Big Sky—Master & Seeker in One Voice

Generally masters are masters and seekers are seekers. But not always, as Anam Thubten Rinpoche’s poems reveal—master and seeker can be one voice.

Anam Thubten is a lama from Golok and a Dharma teacher from everywhere. He just made history in the English world of Dzogchen, by publishing a collection of poems titled Big Sky (Wide River Press, 2016.)

In his preface, Rinpoche claims that sixteen poems do not a poet make. Maybe he’s wrong?

Garbage in, Garbage out — always an important consideration. In the case of Anam Rinpoche’s poetry, the input side of the equation cannot be established because most of it predates his present incarnation. As for the output, like all genuine wisdom, it cannot be assessed. So, in this case, I do propose that sixteen poems do a poet make!

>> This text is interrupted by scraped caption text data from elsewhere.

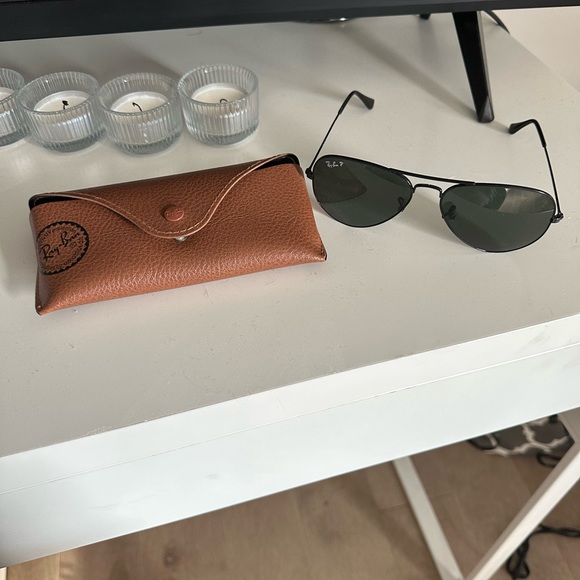 Polarized black ray bans - Picture 1 of 3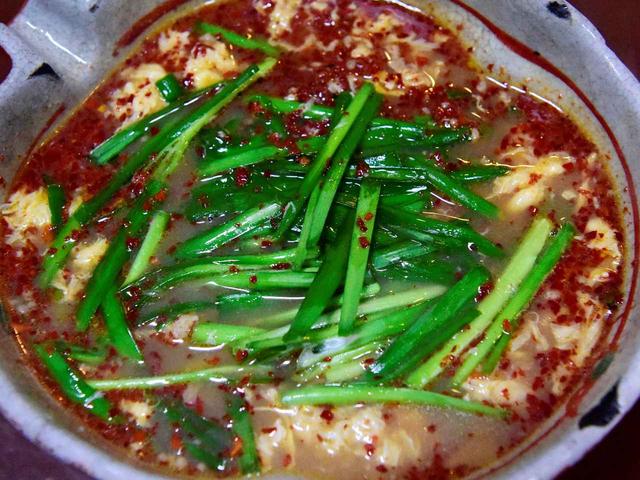 画像: 辛いながらもまろやかなスープが絶妙な有名店。元祖辛麺 東風屋 宮崎県宮崎市中央通7-27 TEL.0985-20-0843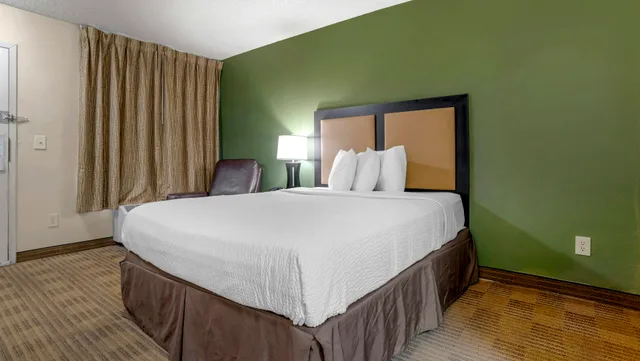 غرفة بسرير كوين، Extended Stay America - Montgomery - Eastern Blvd. 3/8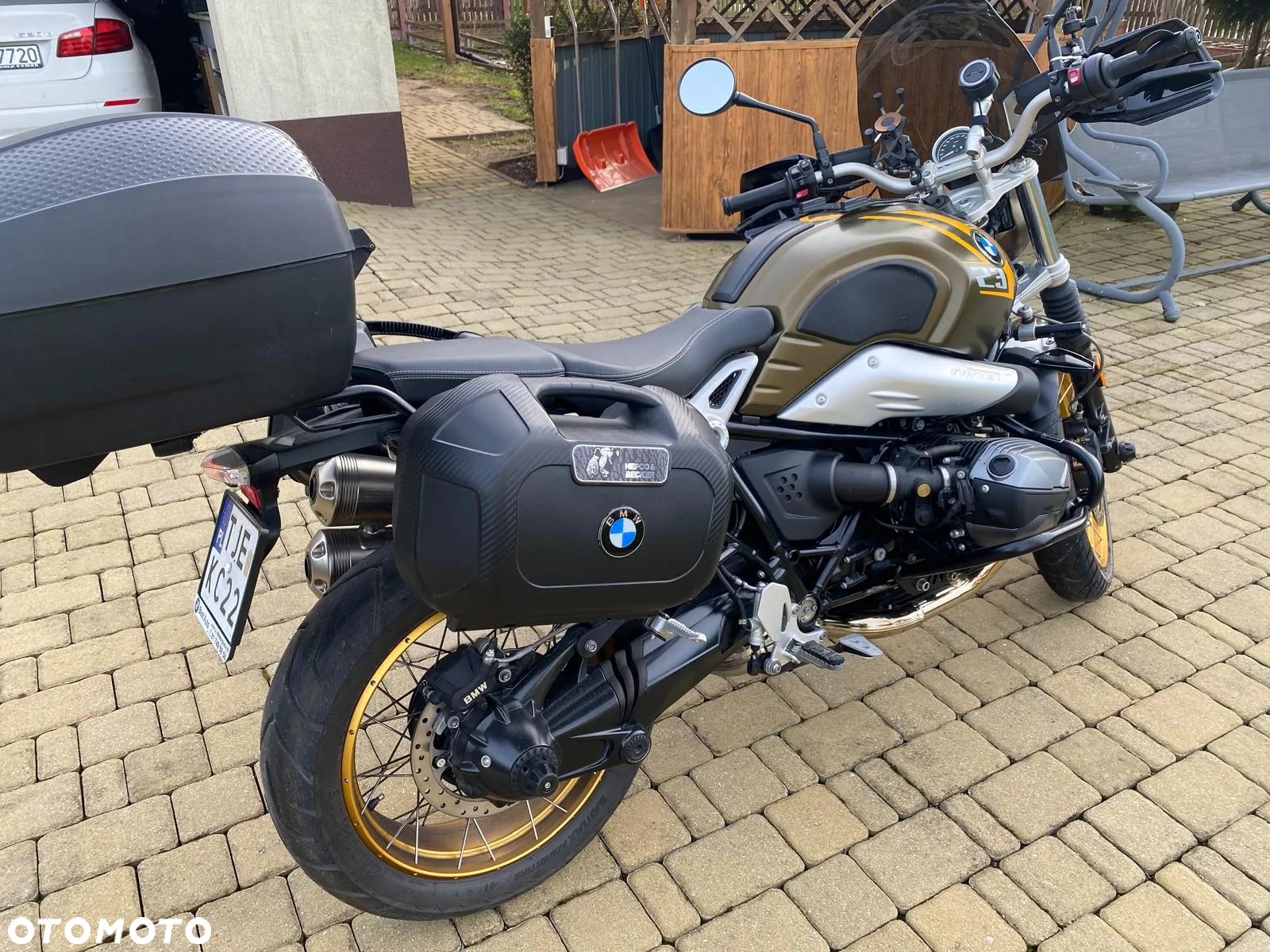 BMW R - 4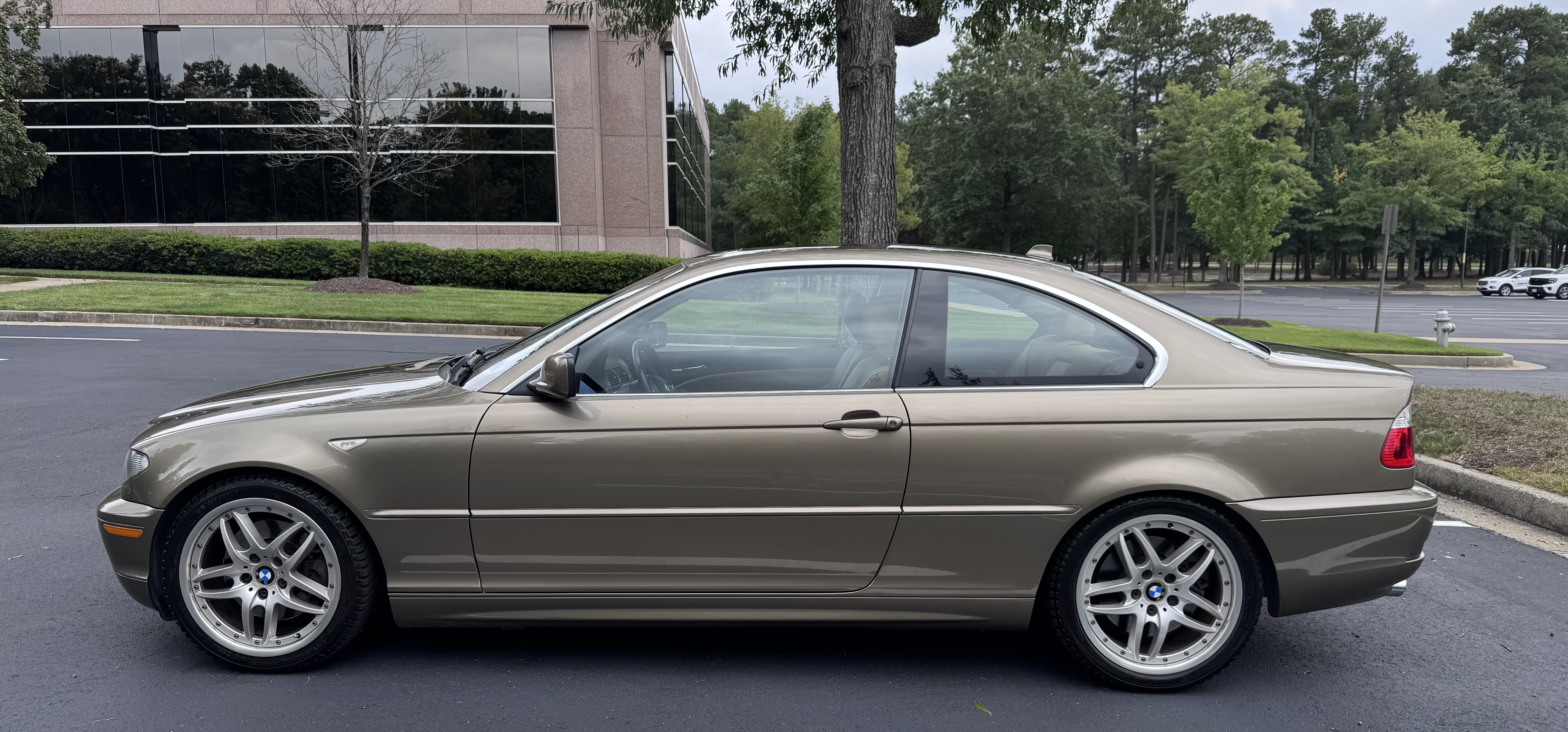 Used 2005 BMW 330Ci Coupe RWD image 9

In her foreword, Elizabeth Mattis Namgyel prepares the reader:

While it may be impossible to capture the man in words…I find Rinpoche to be a romantic, a product of the wild earthiness of his Golok ancestry and an appreciator of life all in one, but most essentially, Rinpoche is someone for whom the refinement, humility, and compassion of many years of Buddhist study and practice has come alive.

I am not in the least qualified to review a book of poetry nor, as Rinpoche’s student, would it be appropriate for me to do so. I am writing to praise and welcome this inimitable book into the world of nondual Dharma and Dzogchen for Westerners.

Tatjana Krizmanic, artist

Tatjana Krizmanic, artist

As soon as I opened Big Sky (5” x 8.5”), a beautiful white and blue cover and the romantic watercolor art of Tatjana Krizmanic invited me in, promising that the contents would work its magic on my overworked and over-examined mind.

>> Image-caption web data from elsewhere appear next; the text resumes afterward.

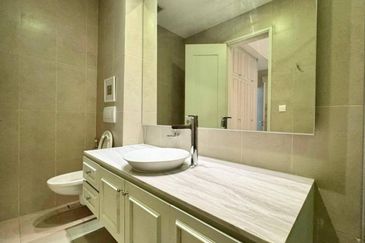 4-STOREY TOWNHOUSE KH VILLA @ SRI HARTAMAS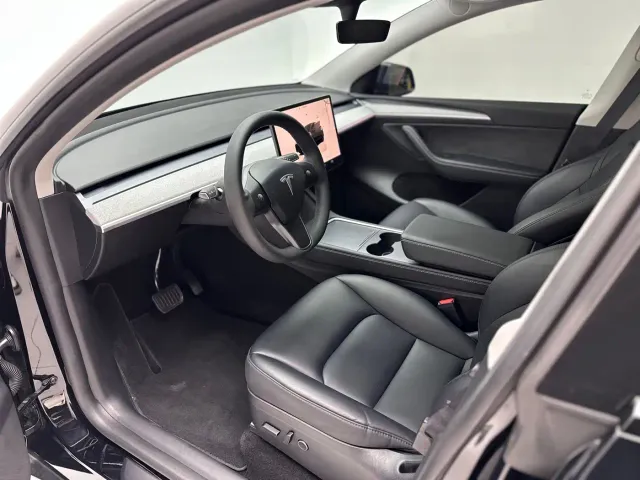 Tesla Model Y — Фото автомобиля 11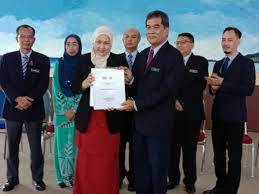 Abu hassan alshaari bin abdul jabartimbalan pengarah jabatan kesihatan negeri sarawak (farmasi). Dr Chin Zin Hing Pengarah Kesihatan Negeri Sarawak Yang Baharu Dayakdaily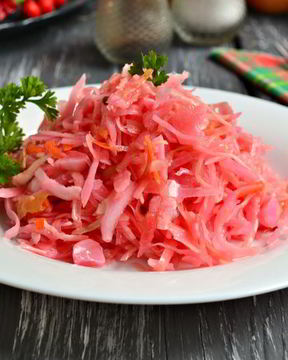 Капуста маринованная со свеклой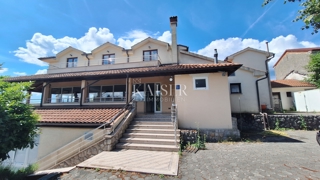 Matulji, Šapjane, poslovna stavba v 3 nadstropjih, zunanje parkirišče, 780 m2 uporabne površine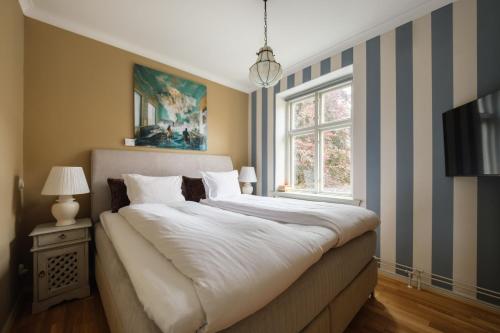 1 queen bed, 2 twin beds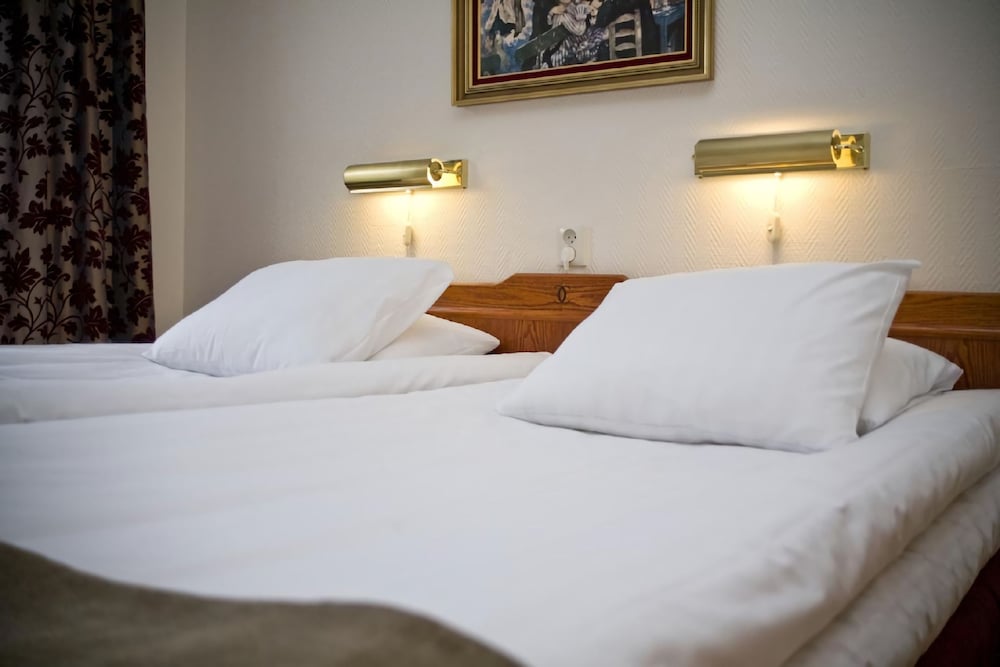 Фото Hotel Riverside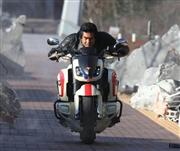 「ネオサイクロン号」を駆って戦いの現場へ駆けつける本郷猛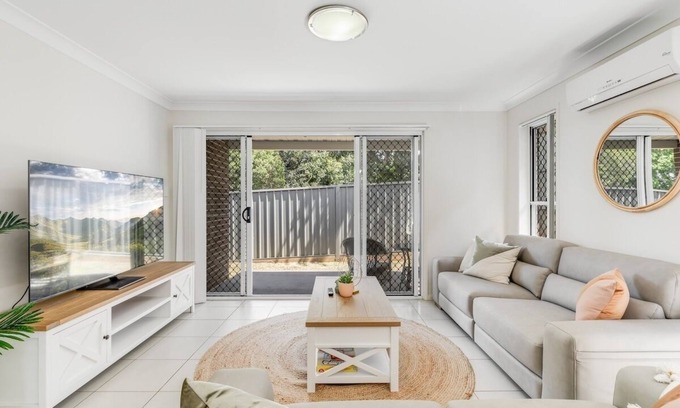 South Toowoomba Apartment | Contemporary Chic on CBD Fringe!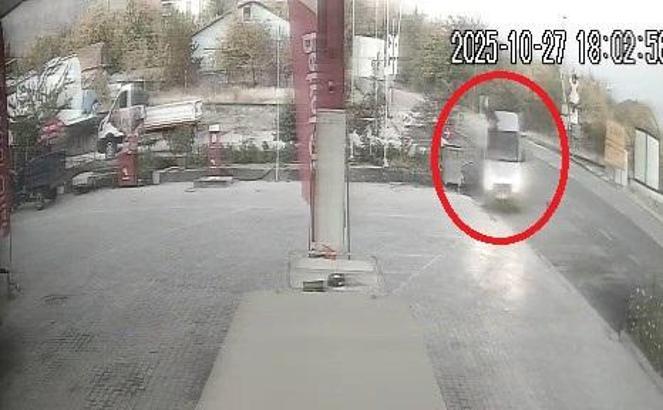 Eniştesine araçla çarpıp kaçtı; o anlar kamerada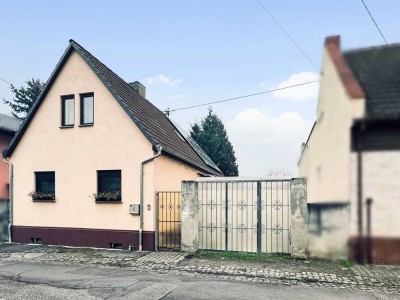 Kleines Zuhause für große Glücksmomente –freistehendes Haus für Singles und Paare!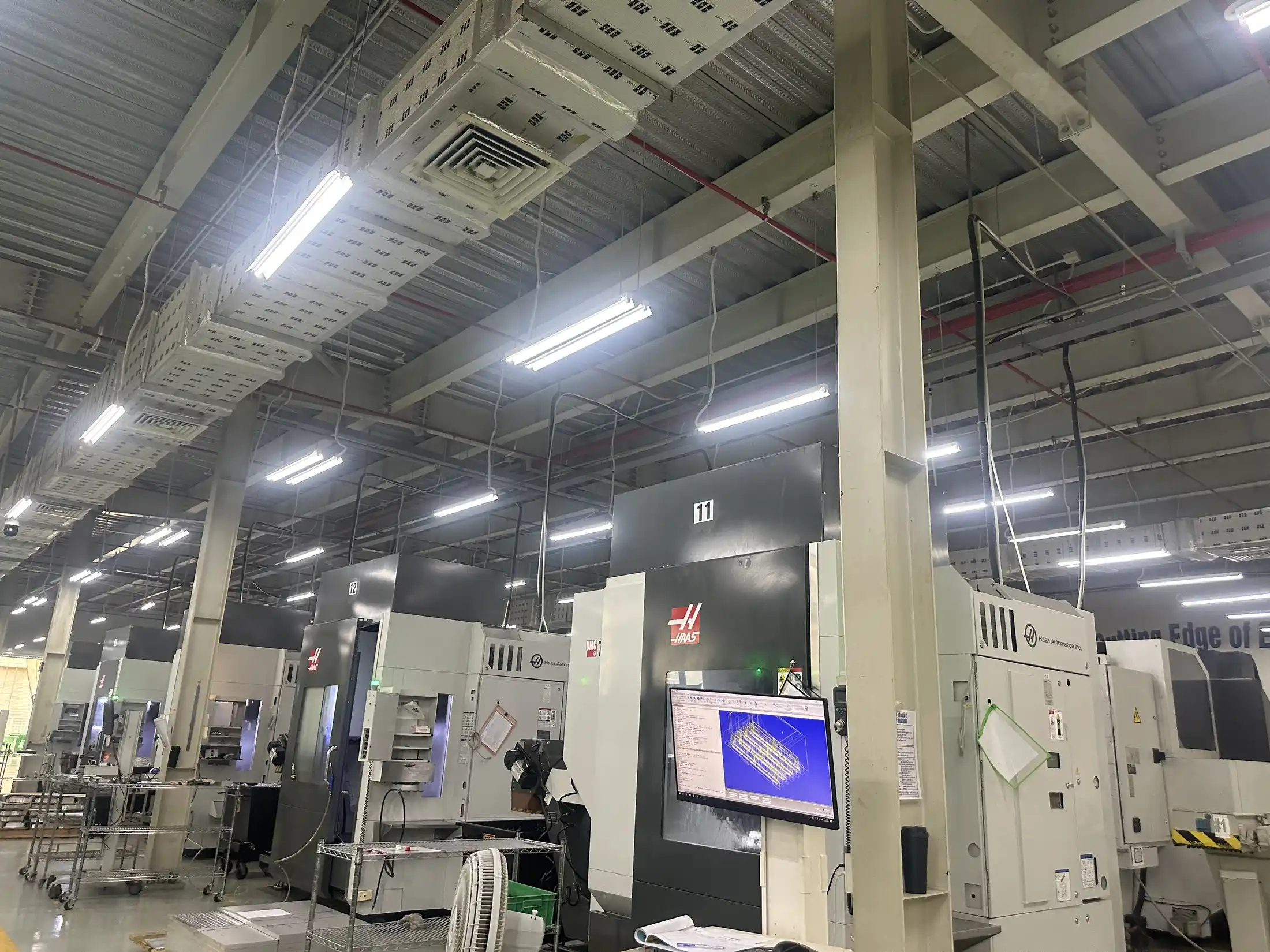 Cấp nguồn và chiếu sáng cho khu vực máy móc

Did I forget to say that Rinpoche wrote these poems in English? It’s not surprising since I remember my astonishment when Rinpoche was just learning English—his first author was Carl Jung!

Buddhist spiritual poetry has been around since the time of Lord Buddha, whose teachings were written down by disciples. In Tibet, the famous 11th century Milarepa was the first religious poet. Others followed such as Drukpa Kunley, Tsongkhapa, Longchenpa, the 6th Dalai Lama, Gendun Choepel and, in modern times, Dilgo Khyentse (untranslated) and Chogyam Trungpa, who wrote in both English and Tibetan.

Now in his fourth decade on this Earth, Rinpoche shares that he grew up appreciating the poetical literature of the Tibetan Buddhist tradition and that his childhood poems were praised by his teachers. His characterization of Tibetan Buddhist texts as poetical literature stopped me in my tracks. As a student and translator, I’m aware of the usage of verse and poetical imagery to convey meaning and inspiration and as a mnemomic device, but have never considered these compositions as poetry...more like school textbooks. The Western notion of poetry as subjectivity and personalization is probably largely responsible for my incorrect judgement and loss.

Big Sky is a poetry book for the practitioner of any contemplative tradition. Anam Thubten's tone is warm and familiar as he recounts his encounters with the timeless freedom of direct awareness.

His lyricism immediately unfurls and offers the pleasure of entering his experience as he travels the globe almost weekly to inspire and teach. And now and again, his persona emerges with insights and sometimes, somber reflections. On page 1:

An ancient rockfish in water
Makes my life seem so finite
She quietly dispels my illusion of immortality
Don’t envy her longevity
Living too long can be a curse
Soon
Mother sea will hold my ashes with others.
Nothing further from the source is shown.